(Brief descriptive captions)
§ §

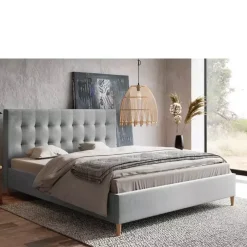 Łóżka Młodzieżowe|Łóżka Na Nóżkach></noscript>Riban Nowoczesne łóżko do sypialni 160x200 cm DRACO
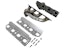 AFE 48-32021 Twisted Steel 304 Stainless Steel Shorty Header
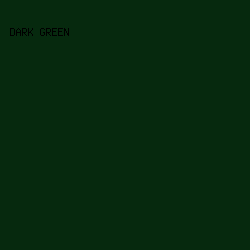 06290E - Dark Green color image preview
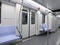 Photography of clean and beautiful subway carriages in Shanghai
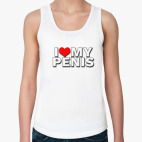 Женская майка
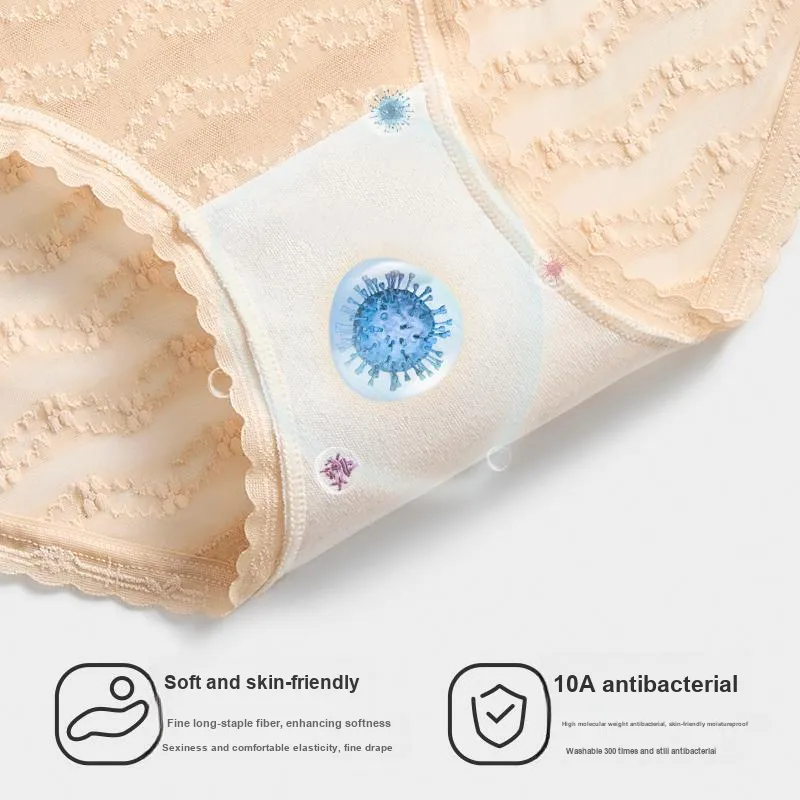 MIIOW Underpants Women's 3 Pack-17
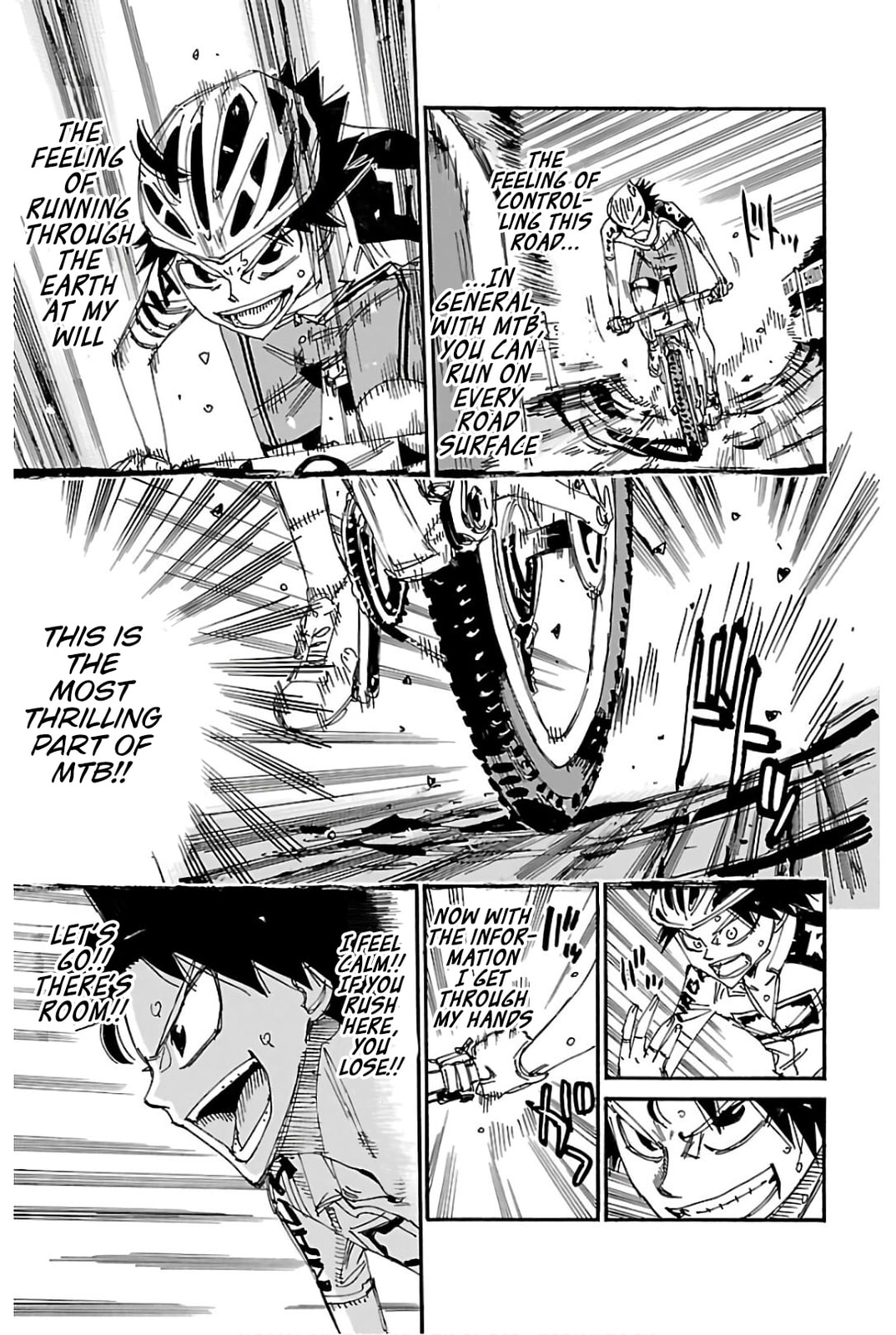 Yowamushi Pedal Chapter 566 page 14 - 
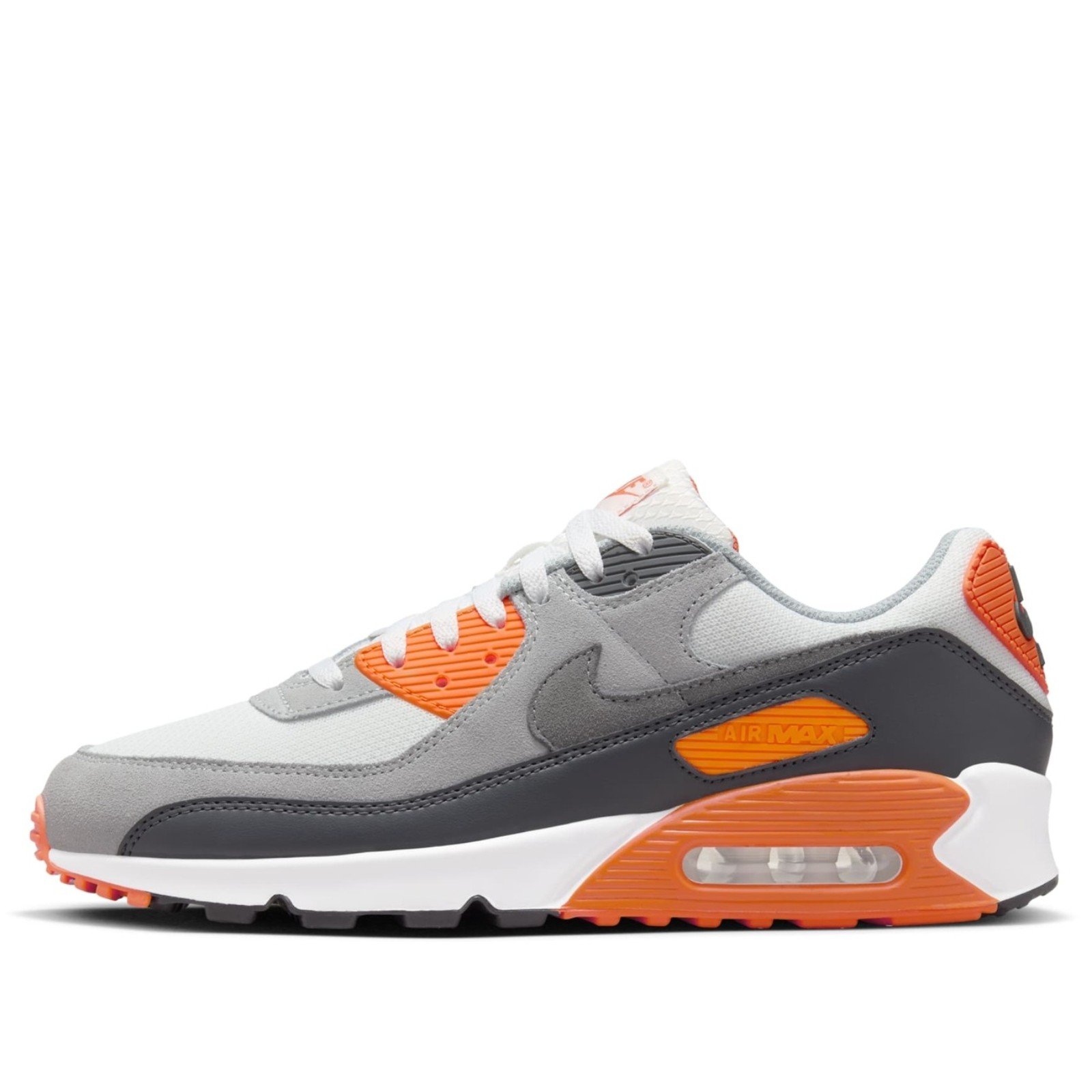 Nike Air Max 90 ‘White Grey Orange’ 537384-128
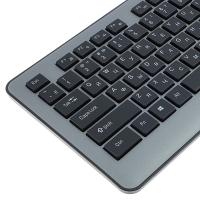Клавиатура+мышь 405-105 BYбеспровод. 104кл.1200DPI AAA, серебр._2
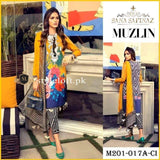 Sana Safinaz Muzlin Lawn Collection 2020 Unstitched 3 Piece Suit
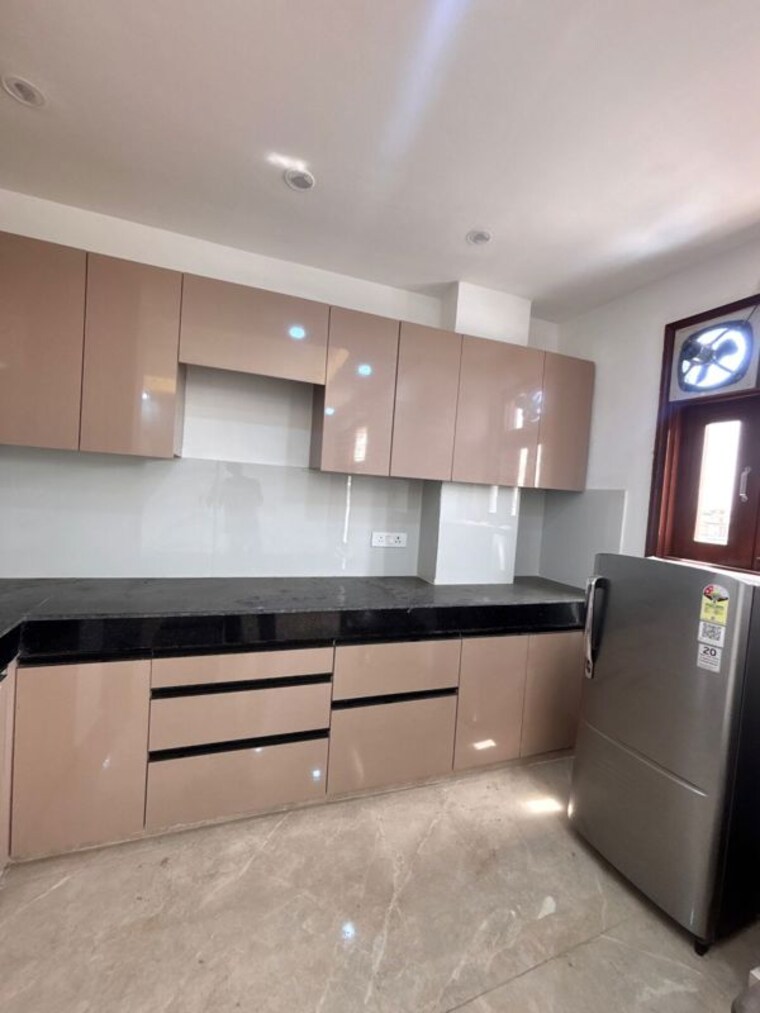 Kitchen, saket 1 Bedroom 500 Sq.Ft. Builder Floor In Saket Delhi 10255843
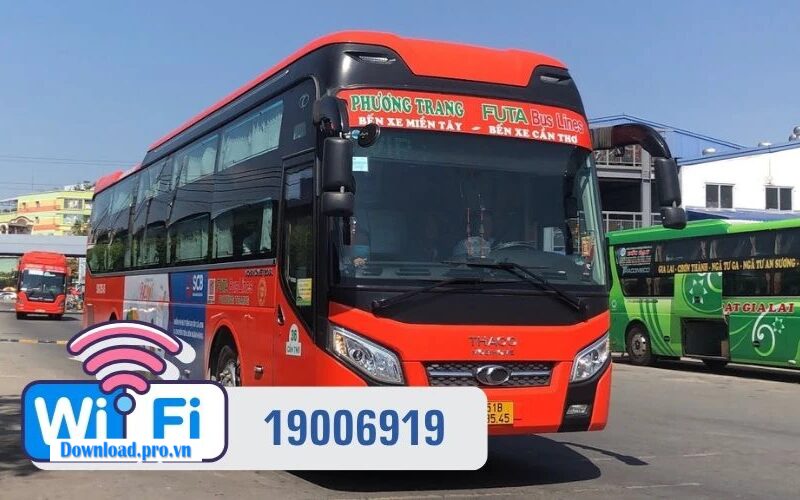 Giới thiệu hệ thống WiFi Xe Phương Trang 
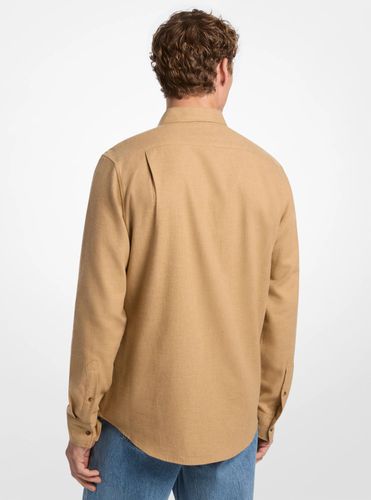 MK Chemise en flanelle de coton - Michael Kors - Michael Kors Mens - Modalova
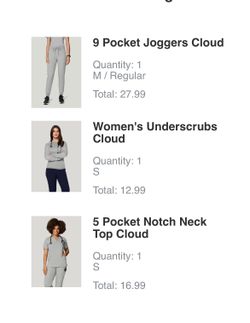 Mandala Gray Scrub Set (3 Pieces)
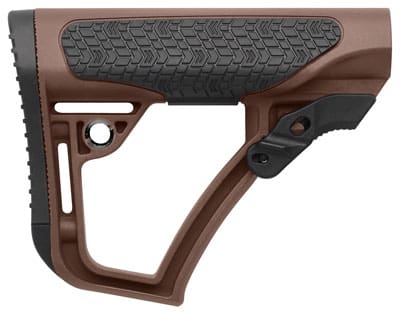 DANIEL DEF. BUTTSTOCK AR-15 – BROWN MIL-SPEC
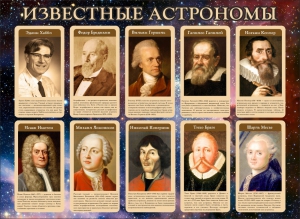 Стенд "Известные астрономы" - fgospostavki.ru - Обнинск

§ §

**Your assignment:** Every line from the line containing "Женская майка" through the last line above is to be printed exactly. Pictures are not copied.

**Answer to this problem:**
 Женская майка
 MIIOW Underpants Women's 3 Pack-17
 Yowamushi Pedal Chapter 566 page 14 - 
 Nike Air Max 90 ‘White Grey Orange’ 537384-128
Клавиатура+мышь 405-105 BYбеспровод. 104кл.1200DPI AAA, серебр._2
 Sana Safinaz Muzlin Lawn Collection 2020 Unstitched 3 Piece Suit
 Kitchen, saket 1 Bedroom 500 Sq.Ft. Builder Floor In Saket Delhi 10255843
 Giới thiệu hệ thống WiFi Xe Phương Trang 
 MK Chemise en flanelle de coton - Michael Kors - Michael Kors Mens - Modalova
 Mandala Gray Scrub Set (3 Pieces)
 DANIEL DEF. BUTTSTOCK AR-15 – BROWN MIL-SPEC
 Стенд "Известные астрономы" - fgospostavki.ru - Обнинск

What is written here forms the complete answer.